** TASK GOAL **
Below is a listing; transcribe it exactly but without any images.

** STORED DATA **

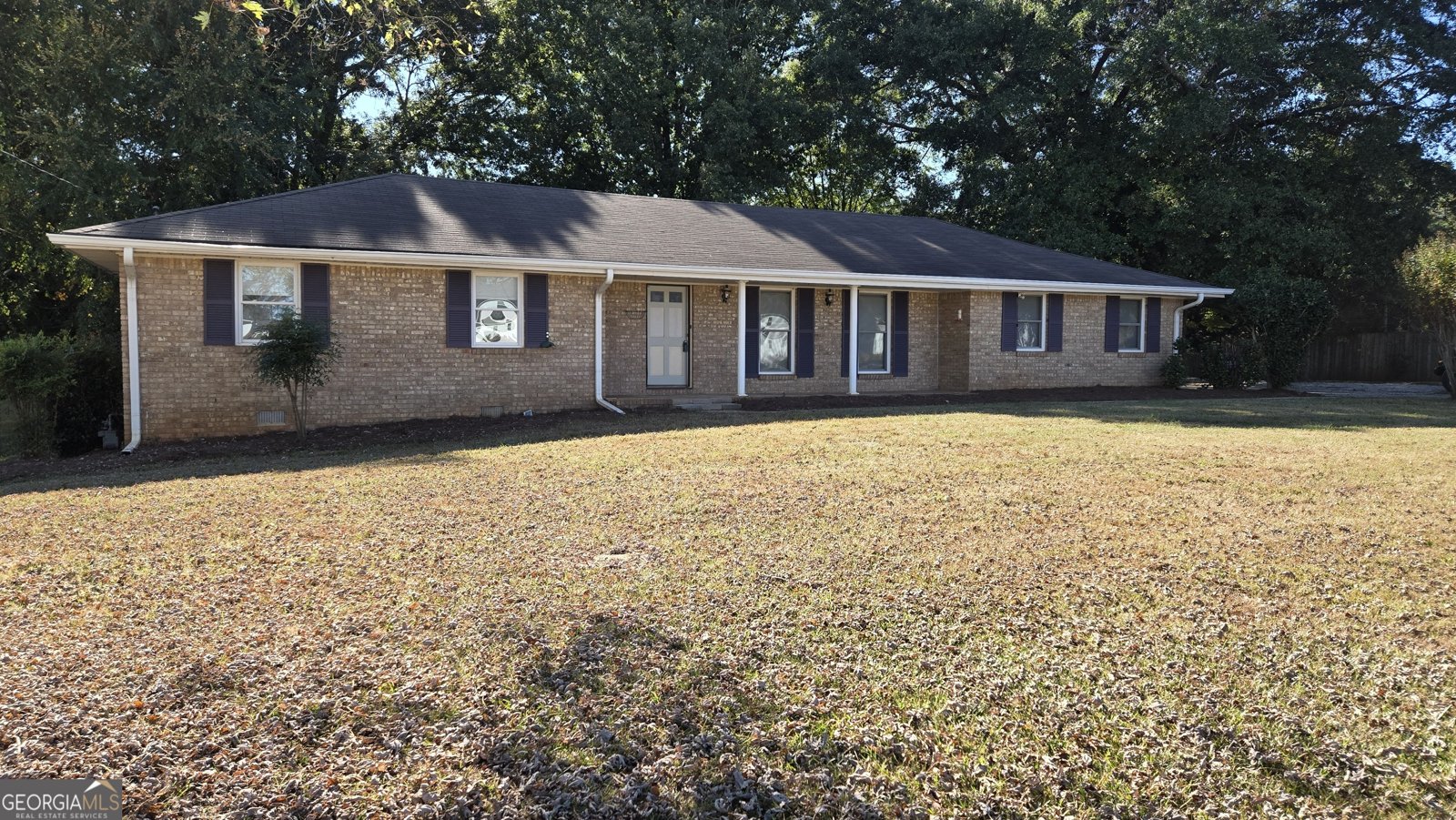 1625 Old Salem Road Conyers - 2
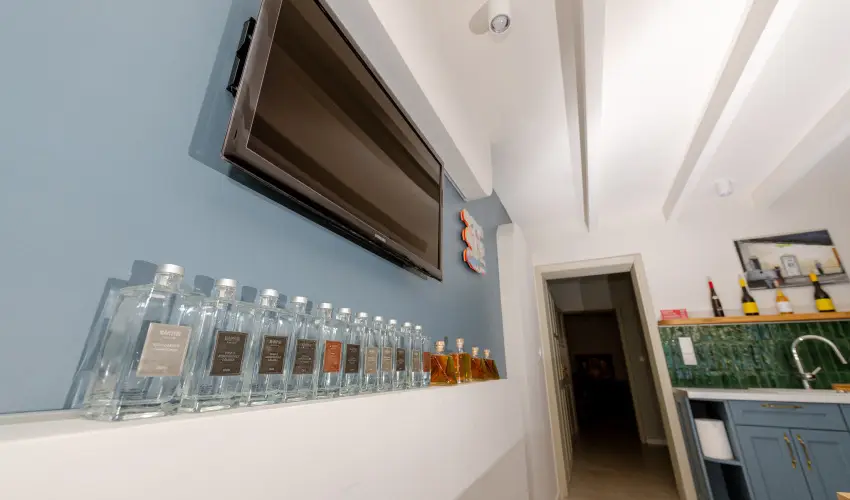 Bohm Borklub Tllya - Karcsony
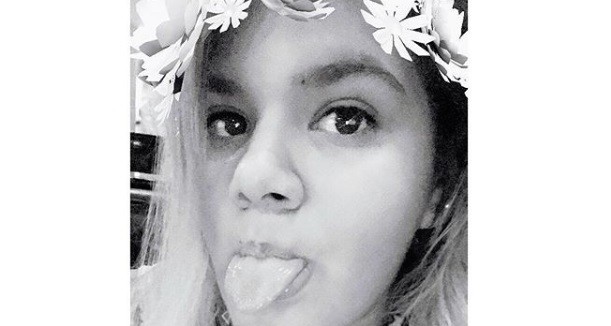 Foto jugada de More Rial en Instagram con top y minifalda | Redes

** WRITTEN REPLY **
 1625 Old Salem Road Conyers - 2
 Bohm Borklub Tllya - Karcsony
 Foto jugada de More Rial en Instagram con top y minifalda | Redes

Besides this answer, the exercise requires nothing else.